The words 'listener' and 'fatigue' simply do not exist side by side with this amp. No audiophile minute-long chunks of sound, here - you get the full cut, the whole symphony not just the key movement, and still come back hungry for more.
This just scratches the surface. There's still the DAC and the phono stage to work through. In fact, these sound remarkably similar, in all the right ways.
Both deliver a similar performance to the line stages - rich, detailed (but not hyper-detailed and etched sounding), effortless. Of the two, the DAC is arguably more important these days, especially with that USB port.
This does wonders for the sound off a PC, raising even a humble stock soundcard to the performance of the best in computer audio. But don't count out the phono stage - it's a noise-free stage, far better than almost all integrated units and more enticing than many lesser aftermarket models. You'll get better stereo separation from the best standalone devices, but as it stands, this is a lot more than a makeweight.

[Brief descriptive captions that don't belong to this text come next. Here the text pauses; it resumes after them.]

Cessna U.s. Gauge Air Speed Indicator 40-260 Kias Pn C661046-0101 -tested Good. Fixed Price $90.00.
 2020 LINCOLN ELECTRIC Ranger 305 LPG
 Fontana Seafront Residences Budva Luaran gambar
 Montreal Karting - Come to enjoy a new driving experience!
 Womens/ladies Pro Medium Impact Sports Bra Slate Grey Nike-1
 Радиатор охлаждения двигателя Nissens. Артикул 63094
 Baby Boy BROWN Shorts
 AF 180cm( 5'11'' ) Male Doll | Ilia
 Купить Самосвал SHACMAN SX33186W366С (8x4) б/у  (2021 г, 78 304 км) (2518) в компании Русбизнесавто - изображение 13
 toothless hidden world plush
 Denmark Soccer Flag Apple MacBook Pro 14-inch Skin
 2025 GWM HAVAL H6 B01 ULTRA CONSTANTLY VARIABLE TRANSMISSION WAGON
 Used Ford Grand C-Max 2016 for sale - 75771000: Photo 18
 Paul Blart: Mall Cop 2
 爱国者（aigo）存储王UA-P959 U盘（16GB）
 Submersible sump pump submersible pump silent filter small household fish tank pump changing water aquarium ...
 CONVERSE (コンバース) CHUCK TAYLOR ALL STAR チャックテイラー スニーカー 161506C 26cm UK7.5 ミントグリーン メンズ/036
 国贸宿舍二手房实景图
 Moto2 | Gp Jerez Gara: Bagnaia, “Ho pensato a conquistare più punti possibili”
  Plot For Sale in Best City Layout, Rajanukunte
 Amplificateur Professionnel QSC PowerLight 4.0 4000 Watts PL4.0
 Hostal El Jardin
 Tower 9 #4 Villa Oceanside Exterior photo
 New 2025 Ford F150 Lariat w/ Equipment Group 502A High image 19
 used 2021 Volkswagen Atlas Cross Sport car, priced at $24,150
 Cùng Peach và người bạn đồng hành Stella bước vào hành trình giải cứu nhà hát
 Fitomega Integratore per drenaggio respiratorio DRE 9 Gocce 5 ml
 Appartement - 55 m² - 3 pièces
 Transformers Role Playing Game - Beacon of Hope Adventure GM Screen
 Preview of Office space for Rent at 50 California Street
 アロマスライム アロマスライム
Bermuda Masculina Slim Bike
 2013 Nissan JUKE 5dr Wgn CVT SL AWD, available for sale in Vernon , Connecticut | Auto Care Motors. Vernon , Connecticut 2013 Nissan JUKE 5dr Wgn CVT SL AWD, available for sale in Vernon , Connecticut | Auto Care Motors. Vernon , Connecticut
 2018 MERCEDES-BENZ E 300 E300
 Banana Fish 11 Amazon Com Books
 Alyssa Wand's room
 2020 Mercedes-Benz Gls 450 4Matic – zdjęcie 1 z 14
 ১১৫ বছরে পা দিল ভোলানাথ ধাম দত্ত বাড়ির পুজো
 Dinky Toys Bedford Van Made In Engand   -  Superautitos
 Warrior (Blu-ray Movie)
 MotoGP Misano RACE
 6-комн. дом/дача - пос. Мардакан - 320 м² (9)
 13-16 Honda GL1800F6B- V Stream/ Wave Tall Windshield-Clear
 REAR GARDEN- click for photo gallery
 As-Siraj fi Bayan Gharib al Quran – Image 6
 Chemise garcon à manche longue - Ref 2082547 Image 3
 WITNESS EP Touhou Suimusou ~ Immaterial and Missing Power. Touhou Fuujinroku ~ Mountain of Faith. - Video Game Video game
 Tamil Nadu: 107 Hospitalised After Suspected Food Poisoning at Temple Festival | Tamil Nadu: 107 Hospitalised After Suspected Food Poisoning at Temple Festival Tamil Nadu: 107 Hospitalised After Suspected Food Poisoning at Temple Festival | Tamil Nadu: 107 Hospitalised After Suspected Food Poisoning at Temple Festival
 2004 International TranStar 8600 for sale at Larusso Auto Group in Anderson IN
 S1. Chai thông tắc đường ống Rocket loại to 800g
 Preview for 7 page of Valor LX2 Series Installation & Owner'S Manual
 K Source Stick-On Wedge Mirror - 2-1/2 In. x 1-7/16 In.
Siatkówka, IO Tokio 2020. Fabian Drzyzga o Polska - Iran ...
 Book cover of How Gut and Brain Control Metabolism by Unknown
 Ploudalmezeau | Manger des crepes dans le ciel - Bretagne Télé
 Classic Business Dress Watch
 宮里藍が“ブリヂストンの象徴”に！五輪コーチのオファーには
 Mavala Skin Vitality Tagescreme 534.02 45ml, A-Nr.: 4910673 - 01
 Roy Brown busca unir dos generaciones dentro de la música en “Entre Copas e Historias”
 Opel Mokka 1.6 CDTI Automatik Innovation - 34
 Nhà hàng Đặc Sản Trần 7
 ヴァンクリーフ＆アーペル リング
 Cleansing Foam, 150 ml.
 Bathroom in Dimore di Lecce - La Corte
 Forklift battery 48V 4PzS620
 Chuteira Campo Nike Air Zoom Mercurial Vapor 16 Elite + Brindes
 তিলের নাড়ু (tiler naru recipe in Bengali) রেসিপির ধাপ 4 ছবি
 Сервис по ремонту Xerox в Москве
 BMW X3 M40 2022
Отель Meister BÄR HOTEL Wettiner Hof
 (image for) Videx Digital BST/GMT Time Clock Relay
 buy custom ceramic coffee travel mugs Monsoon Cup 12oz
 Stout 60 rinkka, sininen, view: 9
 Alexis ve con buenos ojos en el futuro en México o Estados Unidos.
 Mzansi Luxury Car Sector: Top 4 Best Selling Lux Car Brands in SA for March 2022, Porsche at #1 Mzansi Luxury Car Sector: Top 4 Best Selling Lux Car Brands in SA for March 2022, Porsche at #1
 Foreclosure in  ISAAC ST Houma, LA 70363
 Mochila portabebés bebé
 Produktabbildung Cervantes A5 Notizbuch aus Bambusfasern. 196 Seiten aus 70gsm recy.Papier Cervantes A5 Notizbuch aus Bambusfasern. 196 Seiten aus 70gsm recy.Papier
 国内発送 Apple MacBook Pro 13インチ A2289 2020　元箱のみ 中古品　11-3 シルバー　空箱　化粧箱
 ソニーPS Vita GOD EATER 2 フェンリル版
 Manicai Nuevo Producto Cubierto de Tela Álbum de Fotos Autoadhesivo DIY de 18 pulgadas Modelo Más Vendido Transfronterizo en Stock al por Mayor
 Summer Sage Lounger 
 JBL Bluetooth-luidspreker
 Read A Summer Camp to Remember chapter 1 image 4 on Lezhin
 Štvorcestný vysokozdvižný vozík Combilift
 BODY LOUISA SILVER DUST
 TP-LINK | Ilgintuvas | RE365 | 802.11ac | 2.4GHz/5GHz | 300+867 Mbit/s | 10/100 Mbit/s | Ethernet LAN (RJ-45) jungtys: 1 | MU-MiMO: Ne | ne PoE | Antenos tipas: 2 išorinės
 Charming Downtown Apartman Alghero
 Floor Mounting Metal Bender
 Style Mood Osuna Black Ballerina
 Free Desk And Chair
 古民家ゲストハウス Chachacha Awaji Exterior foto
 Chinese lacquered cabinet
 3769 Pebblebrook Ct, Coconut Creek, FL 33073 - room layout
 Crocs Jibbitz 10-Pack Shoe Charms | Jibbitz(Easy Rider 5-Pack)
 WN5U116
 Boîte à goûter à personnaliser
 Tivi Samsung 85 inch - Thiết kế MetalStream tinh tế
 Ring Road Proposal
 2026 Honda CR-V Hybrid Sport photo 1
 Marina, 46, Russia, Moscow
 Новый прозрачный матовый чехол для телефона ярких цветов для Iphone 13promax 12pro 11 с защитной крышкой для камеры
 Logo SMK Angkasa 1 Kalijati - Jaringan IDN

This isn't the only 250-watt (or larger) amp on the market. Some are a lot cheaper, but generally sound cheap, too, with bright and steely tops and flappy, ill-controlled bottoms (now there's an image you might not want to think too hard about).
Some are more expensive, but tend to sound 'impressive' with extended high treble and an open midrange, at the expense of a well-controlled but slow bass. There are a handful of products that improve upon the Musical Fidelity sound.
Comparing the A1008 to the best of breed does pin-point a minor sense of disassociation between the bass and the rest of the frequencies, as if the bottom end is fractionally out of step with the rest of the sound. But this is the only limitation to the sound of the A1008 and, in fairness, it's both very slight and very difficult and expensive to eliminate without sacrificing the rest of the sound in the process.
Perhaps that's the key thing about the A1008. It does so much for the sound across the board, it's hard to think of anything that can do better without costing a lot more. That makes it a tough act to follow.